Some of the putative microRNAs shared predicted mRNA targets with known, microRNAs also identified in our pollen small RNA sequencing dataset. For example ath-MIR2934 is predicted to target SUVH6, which is also targeted by miR778 identified by sequencing. At3g19890 was a confirmed target of ath-MIR2939 but is also predicted to be a target of miR774. Interestingly miR774 was identified as pollen-enriched in Q-RT-PCR analysis (Figure 2). 5' RACE revealed that SUVH6 transcripts appeared to be cleaved within the miR778 binding site identified, although other uncapped transcripts were also identified (see Additional file 1: Figure S2). Nevertheless, cleavage product was not detected at the predicted site for ath-MIR2934. The transcriptional profiles from microarray analysis for SUVH6 during pollen development showed that transcript levels peak in tricellular pollen and remain at similar levels in mature pollen (see Additional file 1: Table S2). 5' RACE analysis also confirmed that miR774 was present in pollen as the predicted cleavage product of At3g19890 was detected, exclusively in pollen and flowering plant material (Figure 4).
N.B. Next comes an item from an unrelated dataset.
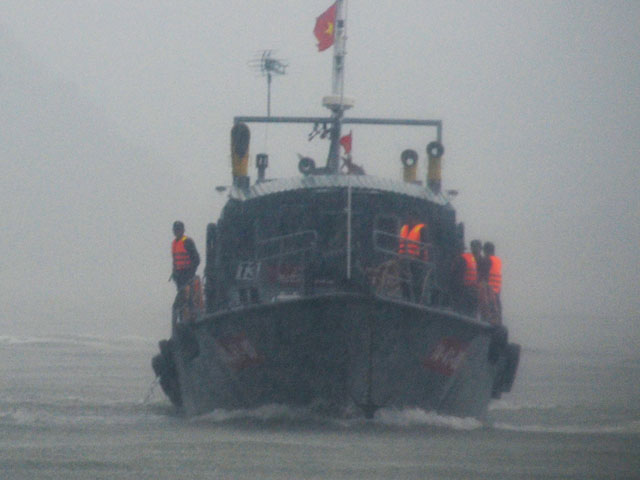 Điều tàu hải quân đón 1.500 du khách mắc kẹt ở đảo Cô Tô - 1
MicroRNA induced cleavage of At3g19890; detection of cleavage products by modified 5' RACE. A. 5' RACE to identify miR774a-directed cleavage products. B. Watson-Crick base pairing and pattern of cleavage of At3g19890 by miR774a. C. Gel image showing products of 5' RACE reaction to detect ath-MIR2939-directed cleavage. D. Watson-Crick base pairing and pattern of cleavage of At3g19890 by ath-MIR2939. E. RT-PCR detection of mature ath-MIR2939 in mature pollen (MP) and leaf (L). For A and C, Lanes C1 and C2 are controls (minus 5' RACE adapter primer and minus gene specific primer). L, DNA ladder.
In mature pollen, cleavage products for SUVH5 were not detected in the predicted binding site of ath-MIR2936. In contrast to SUVH6 they were not found for the miR778 site either.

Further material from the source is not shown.